Donald Trump
Republican U.S. presidential candidate Donald Trump asks his supporters to raise their hands and promise to vote for him at his campaign rally at the University of Central Florida in Orlando, Florida March 5, 2016.Reuters

Cue the Adolf Hitler reference. Republican presidential frontrunner Donald Trump had thousands of his supporters at an Orlando, Florida rally pledge their allegiance to him before the 15 March primary.

"Can I have a pledge? A swearing?" Trump said as he raised his right hand into the air. "Raise your right hand," he told the crowd before leading them in a pledge. "I do solemnly swear," he began, according to The Washington Post. "That I—no matter how I feel, no matter what the conditions, if there's hurricanes or whatever."
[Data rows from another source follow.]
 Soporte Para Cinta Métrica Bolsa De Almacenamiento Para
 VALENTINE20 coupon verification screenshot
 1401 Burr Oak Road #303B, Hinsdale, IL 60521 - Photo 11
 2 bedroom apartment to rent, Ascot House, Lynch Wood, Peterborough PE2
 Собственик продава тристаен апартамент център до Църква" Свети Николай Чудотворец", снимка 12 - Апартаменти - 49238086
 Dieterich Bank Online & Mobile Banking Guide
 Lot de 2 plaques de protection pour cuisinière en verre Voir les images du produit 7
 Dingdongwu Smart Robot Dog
When the crowd failed to repeat the pledge verbatim, Trump reassured them they were doing all right. "That's good enough," he noted before continuing the pledge. "Will got on or before the 12th for Donald J Trump for president." Early voting in Florida ends 12 March, but the Florida Republican primary is on 15 March.
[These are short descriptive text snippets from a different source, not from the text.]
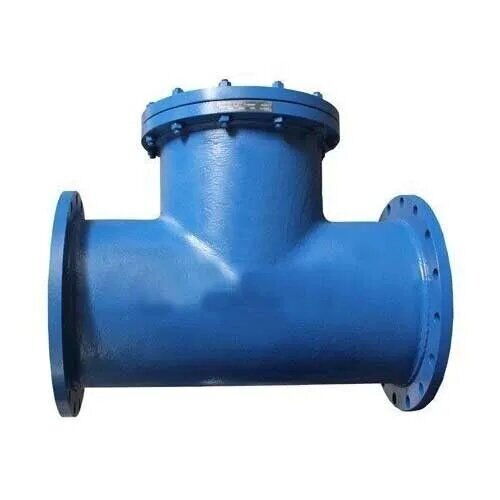 Basket Strainers Basket Strainers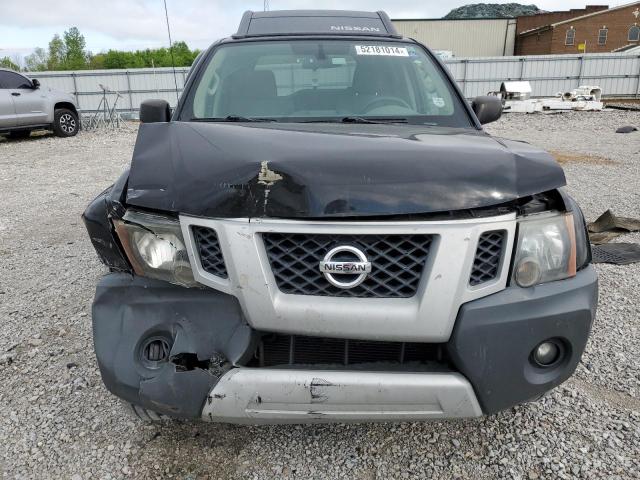 Photo 4 VIN: 5N1AN0NW1DN821065 - NISSAN XTERRA 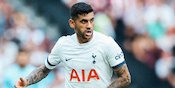 Situasi Mendesak, Real Madrid Putuskan Kejar Bek Tottenham Ini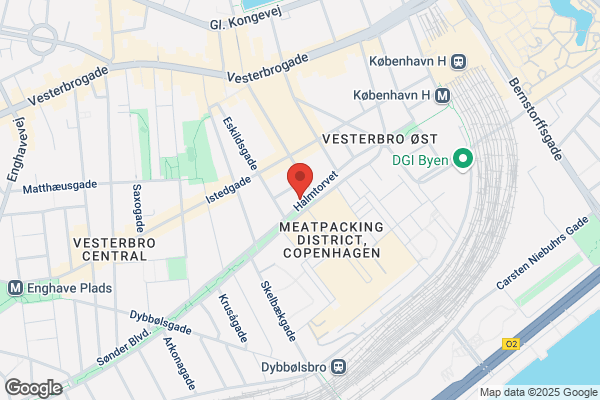 Pak Ka Spisehus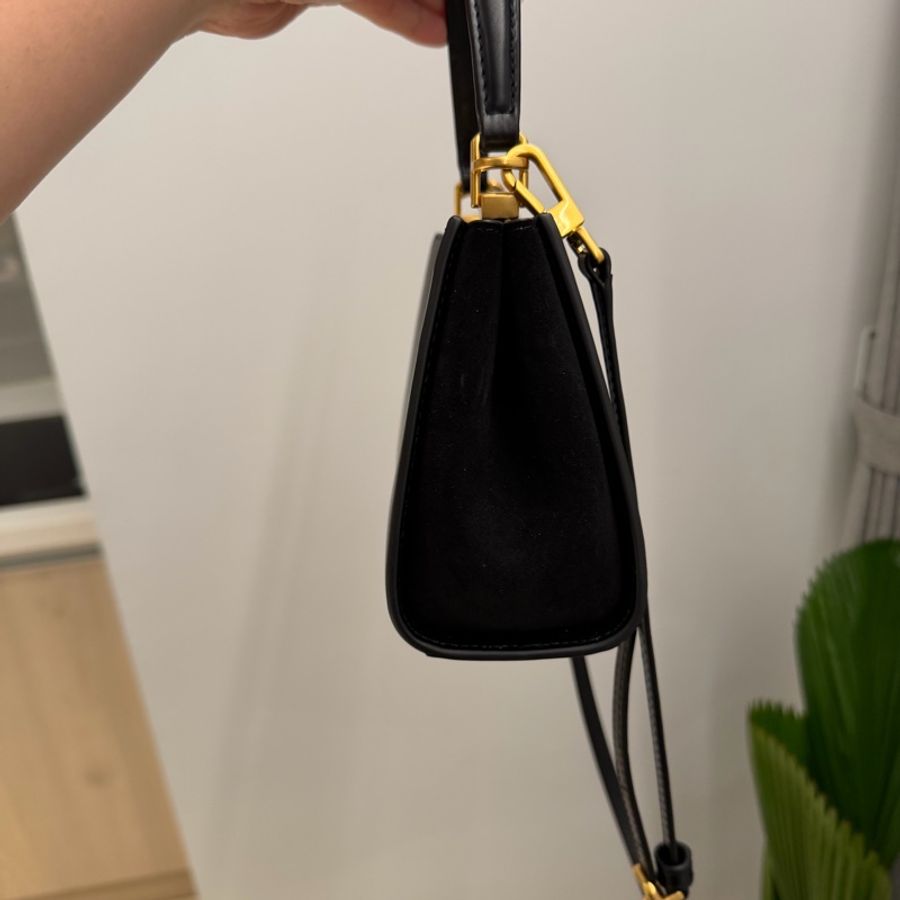 Toryburch 小方包 9.9成新-11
According to CNN, Trump later threatened bad things would happen if they went back on their pledge. "Now I know. Don't forget you all raised your hands. You swore. Bad things happen if you don't live up to what you just did," he said.

Trump has been leading Republican presidential rival and Florida Senator Marco Rubio in Rubio's home state. A 25 February poll by PPP placed Trump ahead of Rubio by 20 points, 45% to 25%. However, an earlier email by Rubio's campaign claimed that an unnamed new poll "by one of the nation's most-respected pollsters" placed Rubio behind Trump by only a few points.
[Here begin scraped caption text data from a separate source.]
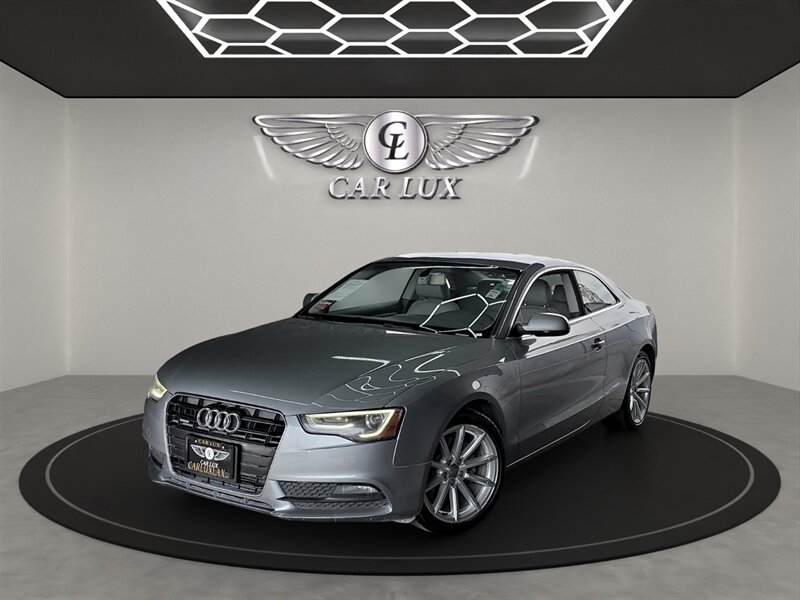 Vehicle image 1 of 21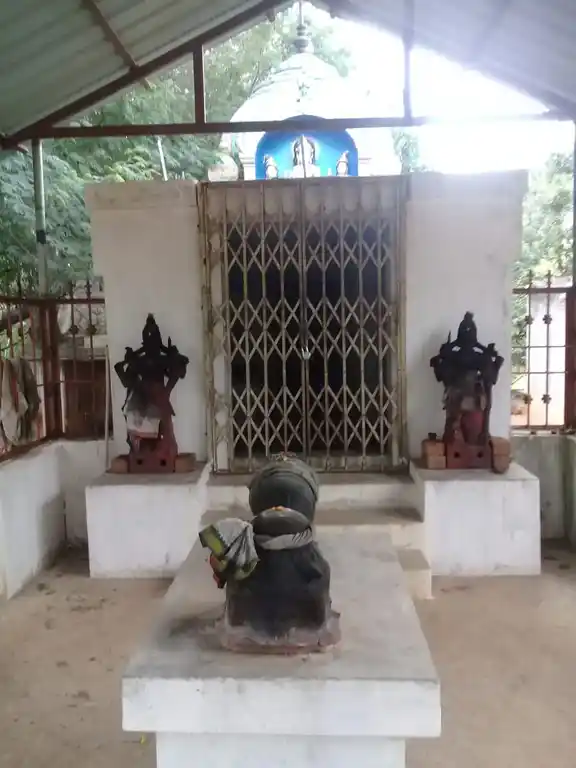 Arulmigu Kilampuli Ayyanar Temple, Sankarapuram - 630002 Temple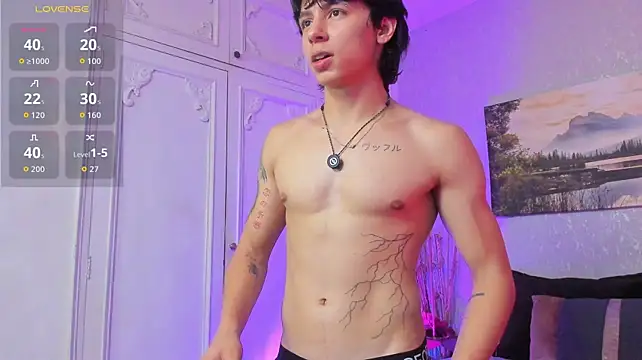 Tyler_durten live cam on StripChat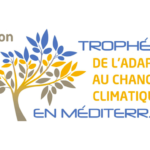 3ème édition des Trophées de l’adaptation au changement climatique en méditerranée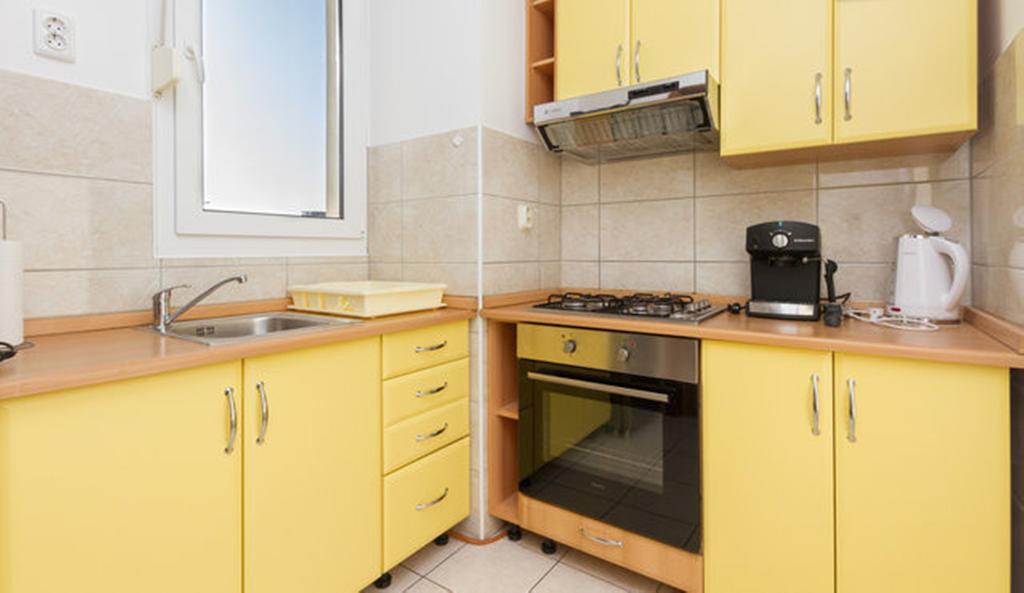 Zvijezda Mora Apartment Split Zimmer foto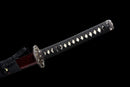 Katana Ketsueki 血液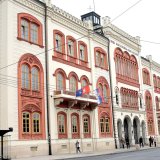 Studenti Univerziteta u Beogradu najavili blokadu Rektorata 3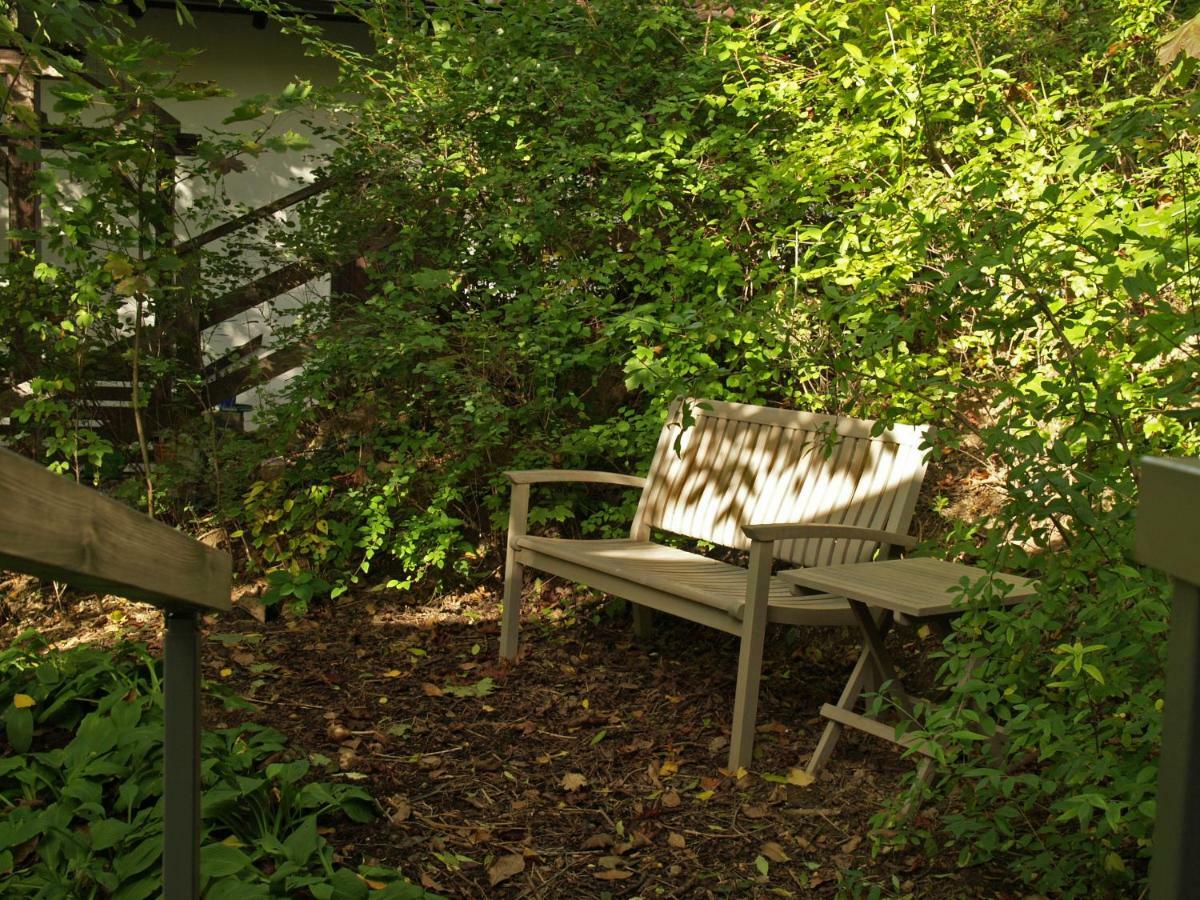 Tiny Guesthouse Kamptal Schönberg am Kamp エクステリア 写真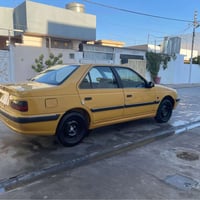 بيجو بابل • ٢٠١٥ • رقم بغداد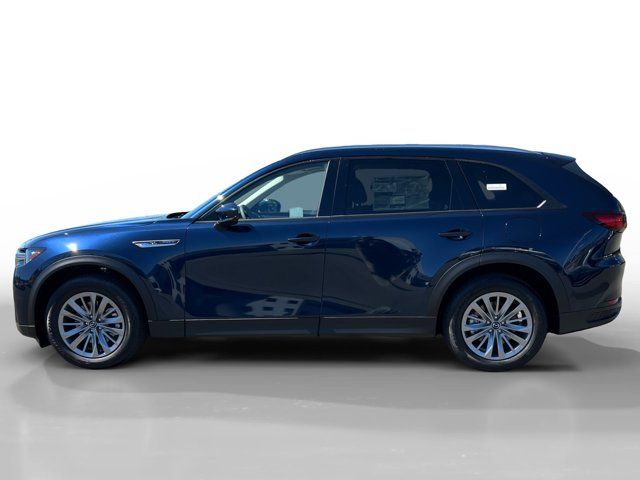 2024 Mazda CX-90 PHEV Preferred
The leading GOP candidate used his Orlando rally to attack "little Marco Rubio" and claimed he was the only Republican candidate who can beat Democratic frontrunner Hillary Clinton, the Post reported. The rally held at the University of Central Florida was attended by thousands of supported and interrupted over a dozen times by protesters.

"You know, we have a divided country, folks," Trump told the crowd following one interruption involving at least one black protester. "We have a terrible president, who happens to be African American. There has never been a great division, just about, than what we have right now—the hatred, the animosity. I will bring people together. I'm going to bring people together, you watch. I'm going to bring people together."